Pembuktian keandalan Yesus sebagai seorang pemimpin diwujudkan dengan memanggil, melatih, mengembangkan dan mengutus para pemimpin ke dalam pelayanan (Mat 10:1-4; 5-15; Mrk 3:13-19). Keunggulan kepemimpinan Yesus terbukti dengan adanya pemimpin baru yang dihasilkan dan memimpin secara unggul dalam meneruskan kepemimpinanNya (bnd. Luk 22:32; I Ptr 5:1-5).
Tiga kelebihan lain dalam kepemimpinan Yesus yang disebutkan Dr.Yakob Tomatala yaitu kaidah kencana dalam Mat 7:12, “Segala sesuatu yang kamu kehendaki supaya orang perbuat kepadamu, perbuatlah demikian juga kepada mereka,” inisiator-proaktif-teladan; kaidah kepemimpinan dalam Mrk 10:43-44, “Barangsiapa ingin menjadi besar di antara kamu, hendaklah ia menjadi pelayanmu, dan barangsiapa ingin menjadi terkemuka dianta kamu, hendaklah ia menjadi hamba untuk semuanya,” pemimpin-hamba;  dan analogi tubuh Kristus dimana Yesus Kristus sebagai Kepala merupakan landasan dan dinamika organisasi       (I Kor 12:12-30; Ef 4:15-16).
Analogi tubuh Kristus memperlihatkan peran yang unik dari masing-masing anggota tubuh, adanya sinergi-mekanis antar tiap anggota tubuh, dan kerjasama yang harmonis. Dengan kata lain, kesatuan dalam diversitas, diversitas bagi kesatuan, dan kejelasan hubungan fungsional pada anggota-anggota tubuh, mengental dalam Kekepalaan Kristus sebagai pemimpin.[11] Konsep ‘Tubuh Kristus’ adalah analogi dasar bagi hakikat, peran, fungsi, struktur, mekanisme/masinesasi, sistem, dinamika dan kinerja organisasi Kristen.

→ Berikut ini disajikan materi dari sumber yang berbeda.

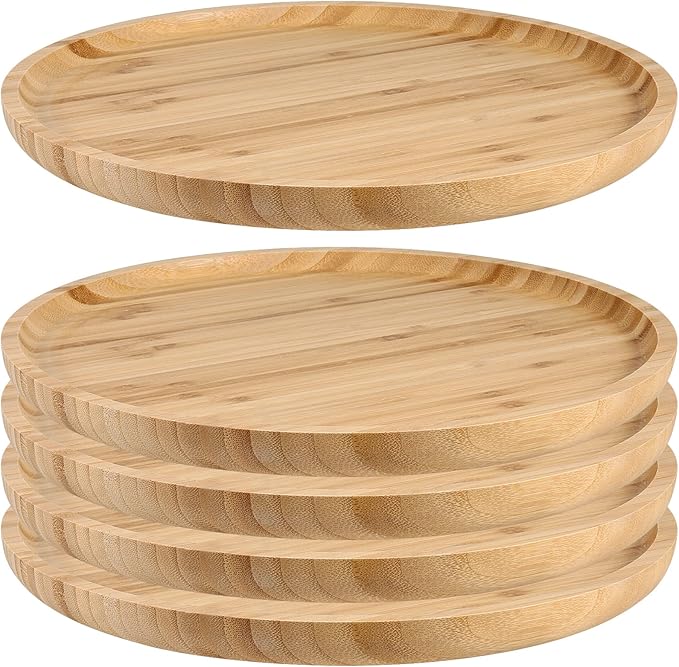 JOIKIT 5 Pack 8 Inch 20cm Bamboo Round Platter, Fine Polished Round Wood Plates Bamboo Serving Tray for Holding Fruit, Bread, Cheese, Nut, Coffee, Tea, Plant Saucer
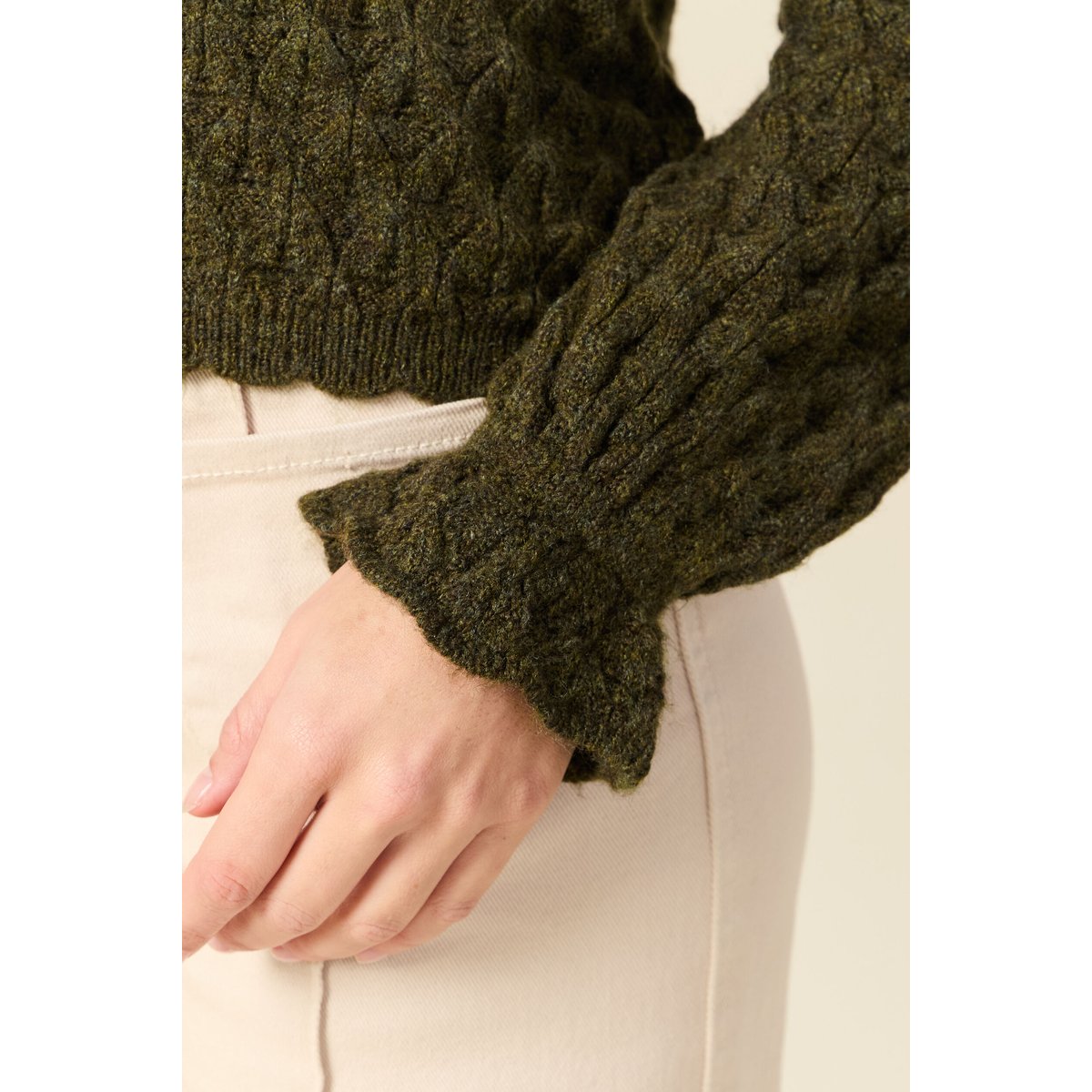 Gilet ajouré droit court col v vert kaki, BONOBO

Analogi Tubuh Kristus sebagai model par excellence dari organisasi dengan daya efektivitas, efisiensi, dan kesehatan hubungan yang menjamin optimalisasi kinerja tinggi (high performance) dalam kepemimpinan,[12] perlu ditelaah secara mendalam. Akar-akar filosofis yang sarat dengan nilai teologis memungkinkan untuk melengkapi organisasi dengan dinamika revitalisasi yang besar untuk membenahi dan meneguhkan diri.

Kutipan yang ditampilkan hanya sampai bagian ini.